Small Business IT 101 – Email Best Practices

Taking the assertive approach to securing your information isn’t difficult or even costly. Knowing how information gets exposed, how to protect yourself, and some guidelines can be very helpful. Trying to recover from having your information exposed however, that is both nearly impossible and can be wildly expensive. Having a plan in place should the worst happen is very important.

Over this series, we’ll discuss some easy ways to take care of your company and keep things where they should be. We’ll cover a range of topics:

• Network Security
• Email Best Practices
• File Storage
• HIPAA Standards
• Disaster Planning & Recovery

Email Best Practices

In our first entry to Small Business IT Security, we discussed networks and how important it is to make sure you can’t be accessed.

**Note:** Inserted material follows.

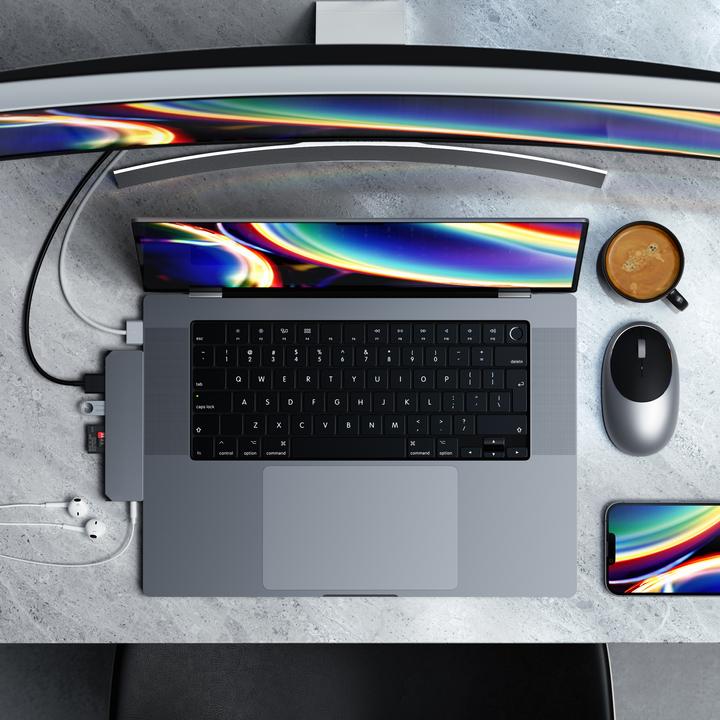 Produktbild Satechi Dual USB-C Pro Hub Max (USB-C, 7 Ports)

The easiest way to get into a company’s network is through its people, and the easiest way to for people to interact is through email. 

In this entry, we’ll talk to the importance of keeping your email practices mindful and secure, and the methods to ensure that happens. 

Attachments

Email security and best practices boil down to a single cardinal rule: Don’t open that attachment.

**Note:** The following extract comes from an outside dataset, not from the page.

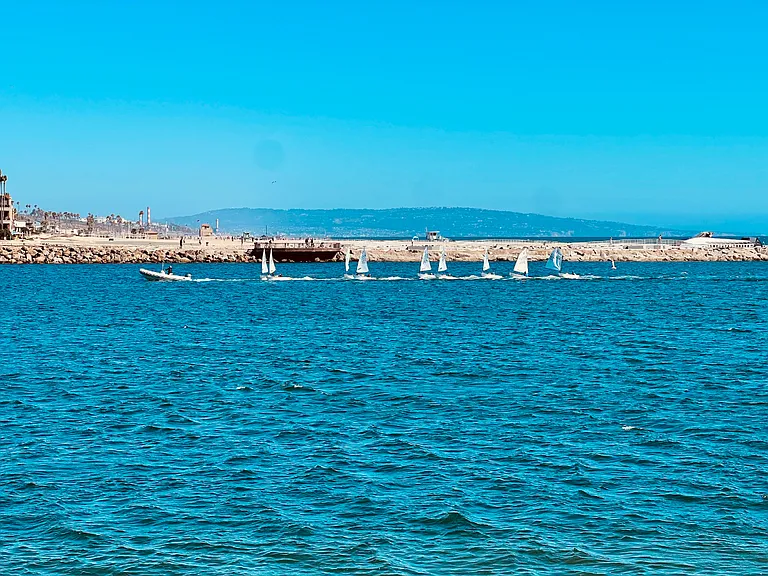 A view of the channel, a one minute walk away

Don’t. Open. That. Attachment.

There’s a strange glut of Nigerian princes, I get it. I’m sorry to break it to you, but none of them have your email. None of them want to give you money. None of them need you to open that attachment.

When Crossroads IT talks to clients about email security, the first thing mentioned is that unless you know the sender _and_ you’re expecting to see an attachment, scrutinize the email. Not to say you have to delete it or ignore it, but be smart. Attachments are the easiest way to get someone in a network to run bad software. It only takes one user to make the mistake.

There are virus and malicious-program scanners built in to most common email providers*. In addition, you can install independent programs as well. These scanners serve as a good first step in weeding out problems.

Viruses

 Obviously not all attachments are bad. A reasonable person can know what makes sense to them when they see it. For example, if you’re sent a file that ends in .ZIP or .EXE and you’re not sure why. Even from a trusted source, there is some explanation why you need to run a program. They both have the potential to execute malicious code when you click them. .PDF (Adobe) files have the potential to be bad for your machine as well. If you do try to open these files, many email programs ask you to confirm this decision. Heed the warning and be sure.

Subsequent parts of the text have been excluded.